[Web page caption snippets]
____
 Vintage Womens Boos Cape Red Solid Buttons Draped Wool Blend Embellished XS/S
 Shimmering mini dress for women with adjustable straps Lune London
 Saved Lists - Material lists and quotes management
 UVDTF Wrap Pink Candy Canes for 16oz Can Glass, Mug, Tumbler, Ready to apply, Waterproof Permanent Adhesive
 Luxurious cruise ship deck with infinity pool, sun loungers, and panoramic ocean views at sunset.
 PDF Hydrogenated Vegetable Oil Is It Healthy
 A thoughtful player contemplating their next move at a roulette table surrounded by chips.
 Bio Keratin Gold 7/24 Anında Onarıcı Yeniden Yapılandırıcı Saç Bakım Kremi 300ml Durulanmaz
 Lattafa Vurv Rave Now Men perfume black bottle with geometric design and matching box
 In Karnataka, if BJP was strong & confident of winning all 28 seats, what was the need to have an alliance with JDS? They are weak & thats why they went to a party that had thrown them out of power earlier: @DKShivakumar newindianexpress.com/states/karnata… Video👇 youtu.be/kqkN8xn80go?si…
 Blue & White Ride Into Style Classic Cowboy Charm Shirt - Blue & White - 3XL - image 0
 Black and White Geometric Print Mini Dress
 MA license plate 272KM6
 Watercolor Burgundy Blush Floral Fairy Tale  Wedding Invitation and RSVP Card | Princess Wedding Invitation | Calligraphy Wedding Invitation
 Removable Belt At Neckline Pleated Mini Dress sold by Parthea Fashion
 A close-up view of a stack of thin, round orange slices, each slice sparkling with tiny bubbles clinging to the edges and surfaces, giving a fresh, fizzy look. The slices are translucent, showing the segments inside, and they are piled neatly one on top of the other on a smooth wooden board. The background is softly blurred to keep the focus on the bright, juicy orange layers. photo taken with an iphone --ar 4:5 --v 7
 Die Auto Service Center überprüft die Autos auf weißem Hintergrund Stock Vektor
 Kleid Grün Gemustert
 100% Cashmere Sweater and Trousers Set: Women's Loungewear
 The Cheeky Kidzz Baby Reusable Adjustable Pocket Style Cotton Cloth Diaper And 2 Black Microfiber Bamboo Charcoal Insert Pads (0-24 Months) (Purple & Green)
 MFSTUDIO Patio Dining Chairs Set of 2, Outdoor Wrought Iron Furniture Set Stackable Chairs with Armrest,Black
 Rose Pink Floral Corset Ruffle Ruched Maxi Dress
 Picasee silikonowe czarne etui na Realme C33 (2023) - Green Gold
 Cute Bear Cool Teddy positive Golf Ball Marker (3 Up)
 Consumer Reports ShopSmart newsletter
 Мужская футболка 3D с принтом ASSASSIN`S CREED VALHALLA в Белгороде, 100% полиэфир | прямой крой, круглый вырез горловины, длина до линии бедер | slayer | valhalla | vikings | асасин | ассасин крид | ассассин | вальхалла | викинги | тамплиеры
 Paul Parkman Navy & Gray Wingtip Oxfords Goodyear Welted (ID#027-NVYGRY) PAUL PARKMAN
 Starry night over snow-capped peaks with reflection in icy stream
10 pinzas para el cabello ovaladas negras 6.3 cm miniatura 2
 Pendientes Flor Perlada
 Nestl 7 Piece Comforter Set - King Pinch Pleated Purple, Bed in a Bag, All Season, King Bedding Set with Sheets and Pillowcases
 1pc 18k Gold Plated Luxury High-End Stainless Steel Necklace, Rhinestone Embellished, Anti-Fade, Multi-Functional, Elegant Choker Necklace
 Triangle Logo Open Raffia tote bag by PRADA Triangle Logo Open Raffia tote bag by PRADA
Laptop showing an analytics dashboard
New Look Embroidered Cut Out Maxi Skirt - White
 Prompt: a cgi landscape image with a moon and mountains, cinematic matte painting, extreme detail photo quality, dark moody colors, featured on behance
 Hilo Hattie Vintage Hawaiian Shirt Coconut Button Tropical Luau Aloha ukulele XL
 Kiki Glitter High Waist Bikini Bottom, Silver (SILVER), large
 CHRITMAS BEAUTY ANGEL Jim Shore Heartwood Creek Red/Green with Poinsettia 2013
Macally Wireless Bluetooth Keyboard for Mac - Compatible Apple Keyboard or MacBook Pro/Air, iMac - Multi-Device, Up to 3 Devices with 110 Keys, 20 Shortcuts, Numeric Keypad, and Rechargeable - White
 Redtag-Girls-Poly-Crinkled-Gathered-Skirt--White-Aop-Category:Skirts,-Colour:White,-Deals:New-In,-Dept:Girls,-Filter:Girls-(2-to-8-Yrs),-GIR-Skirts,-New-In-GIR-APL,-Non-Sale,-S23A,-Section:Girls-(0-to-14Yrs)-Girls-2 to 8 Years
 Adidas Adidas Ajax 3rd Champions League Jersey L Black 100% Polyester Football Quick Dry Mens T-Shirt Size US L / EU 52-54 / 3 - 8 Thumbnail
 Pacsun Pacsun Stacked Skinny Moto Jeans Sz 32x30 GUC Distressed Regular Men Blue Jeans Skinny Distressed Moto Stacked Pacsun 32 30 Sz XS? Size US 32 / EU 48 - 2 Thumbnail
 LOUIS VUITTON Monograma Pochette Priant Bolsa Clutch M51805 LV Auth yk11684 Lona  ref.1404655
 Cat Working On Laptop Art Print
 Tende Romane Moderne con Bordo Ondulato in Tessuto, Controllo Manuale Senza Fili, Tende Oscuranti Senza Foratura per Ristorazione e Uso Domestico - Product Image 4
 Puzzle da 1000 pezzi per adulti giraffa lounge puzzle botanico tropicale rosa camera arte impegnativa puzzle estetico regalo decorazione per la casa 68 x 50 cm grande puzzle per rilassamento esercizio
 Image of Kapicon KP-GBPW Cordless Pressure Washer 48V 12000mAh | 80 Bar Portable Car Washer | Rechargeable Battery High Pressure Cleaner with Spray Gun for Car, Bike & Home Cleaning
____
> **Problem statement**
Transcribe all records exactly as written.

> **Solution to this exercise**
 Vintage Womens Boos Cape Red Solid Buttons Draped Wool Blend Embellished XS/S
 Shimmering mini dress for women with adjustable straps Lune London
 Saved Lists - Material lists and quotes management
 UVDTF Wrap Pink Candy Canes for 16oz Can Glass, Mug, Tumbler, Ready to apply, Waterproof Permanent Adhesive
 Luxurious cruise ship deck with infinity pool, sun loungers, and panoramic ocean views at sunset.
 PDF Hydrogenated Vegetable Oil Is It Healthy
 A thoughtful player contemplating their next move at a roulette table surrounded by chips.
 Bio Keratin Gold 7/24 Anında Onarıcı Yeniden Yapılandırıcı Saç Bakım Kremi 300ml Durulanmaz
 Lattafa Vurv Rave Now Men perfume black bottle with geometric design and matching box
 In Karnataka, if BJP was strong & confident of winning all 28 seats, what was the need to have an alliance with JDS? They are weak & thats why they went to a party that had thrown them out of power earlier: @DKShivakumar newindianexpress.com/states/karnata… Video👇 youtu.be/kqkN8xn80go?si…
 Blue & White Ride Into Style Classic Cowboy Charm Shirt - Blue & White - 3XL - image 0
 Black and White Geometric Print Mini Dress
 MA license plate 272KM6
 Watercolor Burgundy Blush Floral Fairy Tale  Wedding Invitation and RSVP Card | Princess Wedding Invitation | Calligraphy Wedding Invitation
 Removable Belt At Neckline Pleated Mini Dress sold by Parthea Fashion
 A close-up view of a stack of thin, round orange slices, each slice sparkling with tiny bubbles clinging to the edges and surfaces, giving a fresh, fizzy look. The slices are translucent, showing the segments inside, and they are piled neatly one on top of the other on a smooth wooden board. The background is softly blurred to keep the focus on the bright, juicy orange layers. photo taken with an iphone --ar 4:5 --v 7
 Die Auto Service Center überprüft die Autos auf weißem Hintergrund Stock Vektor
 Kleid Grün Gemustert
 100% Cashmere Sweater and Trousers Set: Women's Loungewear
 The Cheeky Kidzz Baby Reusable Adjustable Pocket Style Cotton Cloth Diaper And 2 Black Microfiber Bamboo Charcoal Insert Pads (0-24 Months) (Purple & Green)
 MFSTUDIO Patio Dining Chairs Set of 2, Outdoor Wrought Iron Furniture Set Stackable Chairs with Armrest,Black
 Rose Pink Floral Corset Ruffle Ruched Maxi Dress
 Picasee silikonowe czarne etui na Realme C33 (2023) - Green Gold
 Cute Bear Cool Teddy positive Golf Ball Marker (3 Up)
 Consumer Reports ShopSmart newsletter
 Мужская футболка 3D с принтом ASSASSIN`S CREED VALHALLA в Белгороде, 100% полиэфир | прямой крой, круглый вырез горловины, длина до линии бедер | slayer | valhalla | vikings | асасин | ассасин крид | ассассин | вальхалла | викинги | тамплиеры
 Paul Parkman Navy & Gray Wingtip Oxfords Goodyear Welted (ID#027-NVYGRY) PAUL PARKMAN
 Starry night over snow-capped peaks with reflection in icy stream
10 pinzas para el cabello ovaladas negras 6.3 cm miniatura 2
 Pendientes Flor Perlada
 Nestl 7 Piece Comforter Set - King Pinch Pleated Purple, Bed in a Bag, All Season, King Bedding Set with Sheets and Pillowcases
 1pc 18k Gold Plated Luxury High-End Stainless Steel Necklace, Rhinestone Embellished, Anti-Fade, Multi-Functional, Elegant Choker Necklace
 Triangle Logo Open Raffia tote bag by PRADA Triangle Logo Open Raffia tote bag by PRADA
Laptop showing an analytics dashboard
New Look Embroidered Cut Out Maxi Skirt - White
 Prompt: a cgi landscape image with a moon and mountains, cinematic matte painting, extreme detail photo quality, dark moody colors, featured on behance
 Hilo Hattie Vintage Hawaiian Shirt Coconut Button Tropical Luau Aloha ukulele XL
 Kiki Glitter High Waist Bikini Bottom, Silver (SILVER), large
 CHRITMAS BEAUTY ANGEL Jim Shore Heartwood Creek Red/Green with Poinsettia 2013
Macally Wireless Bluetooth Keyboard for Mac - Compatible Apple Keyboard or MacBook Pro/Air, iMac - Multi-Device, Up to 3 Devices with 110 Keys, 20 Shortcuts, Numeric Keypad, and Rechargeable - White
 Redtag-Girls-Poly-Crinkled-Gathered-Skirt--White-Aop-Category:Skirts,-Colour:White,-Deals:New-In,-Dept:Girls,-Filter:Girls-(2-to-8-Yrs),-GIR-Skirts,-New-In-GIR-APL,-Non-Sale,-S23A,-Section:Girls-(0-to-14Yrs)-Girls-2 to 8 Years
 Adidas Adidas Ajax 3rd Champions League Jersey L Black 100% Polyester Football Quick Dry Mens T-Shirt Size US L / EU 52-54 / 3 - 8 Thumbnail
 Pacsun Pacsun Stacked Skinny Moto Jeans Sz 32x30 GUC Distressed Regular Men Blue Jeans Skinny Distressed Moto Stacked Pacsun 32 30 Sz XS? Size US 32 / EU 48 - 2 Thumbnail
 LOUIS VUITTON Monograma Pochette Priant Bolsa Clutch M51805 LV Auth yk11684 Lona  ref.1404655
 Cat Working On Laptop Art Print
 Tende Romane Moderne con Bordo Ondulato in Tessuto, Controllo Manuale Senza Fili, Tende Oscuranti Senza Foratura per Ristorazione e Uso Domestico - Product Image 4
 Puzzle da 1000 pezzi per adulti giraffa lounge puzzle botanico tropicale rosa camera arte impegnativa puzzle estetico regalo decorazione per la casa 68 x 50 cm grande puzzle per rilassamento esercizio
 Image of Kapicon KP-GBPW Cordless Pressure Washer 48V 12000mAh | 80 Bar Portable Car Washer | Rechargeable Battery High Pressure Cleaner with Spray Gun for Car, Bike & Home Cleaning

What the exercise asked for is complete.